**Provided records**
((

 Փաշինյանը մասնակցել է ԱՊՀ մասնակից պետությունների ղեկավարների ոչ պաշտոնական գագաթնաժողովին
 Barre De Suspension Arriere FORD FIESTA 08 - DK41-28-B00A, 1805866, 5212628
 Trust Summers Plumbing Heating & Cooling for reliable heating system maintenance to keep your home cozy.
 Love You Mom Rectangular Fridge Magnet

))
((

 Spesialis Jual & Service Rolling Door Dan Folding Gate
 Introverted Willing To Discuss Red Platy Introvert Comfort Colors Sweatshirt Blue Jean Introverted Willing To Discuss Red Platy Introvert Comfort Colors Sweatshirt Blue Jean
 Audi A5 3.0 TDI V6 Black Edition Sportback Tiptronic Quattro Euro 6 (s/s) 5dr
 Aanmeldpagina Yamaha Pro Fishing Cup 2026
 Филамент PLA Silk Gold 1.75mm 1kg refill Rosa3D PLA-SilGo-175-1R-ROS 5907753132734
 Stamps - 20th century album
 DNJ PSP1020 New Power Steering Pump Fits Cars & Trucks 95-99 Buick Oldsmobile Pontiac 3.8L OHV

))

**To do**
Please copy the lines in the records above between the one holding "Փաշինյանը մասնակցել է" and the one holding "Love You Mom Rectangular Fridge Magnet", inclusive, exactly and with no other line.

**Output for this task**
 Փաշինյանը մասնակցել է ԱՊՀ մասնակից պետությունների ղեկավարների ոչ պաշտոնական գագաթնաժողովին
 Barre De Suspension Arriere FORD FIESTA 08 - DK41-28-B00A, 1805866, 5212628
 Trust Summers Plumbing Heating & Cooling for reliable heating system maintenance to keep your home cozy.
 Love You Mom Rectangular Fridge Magnet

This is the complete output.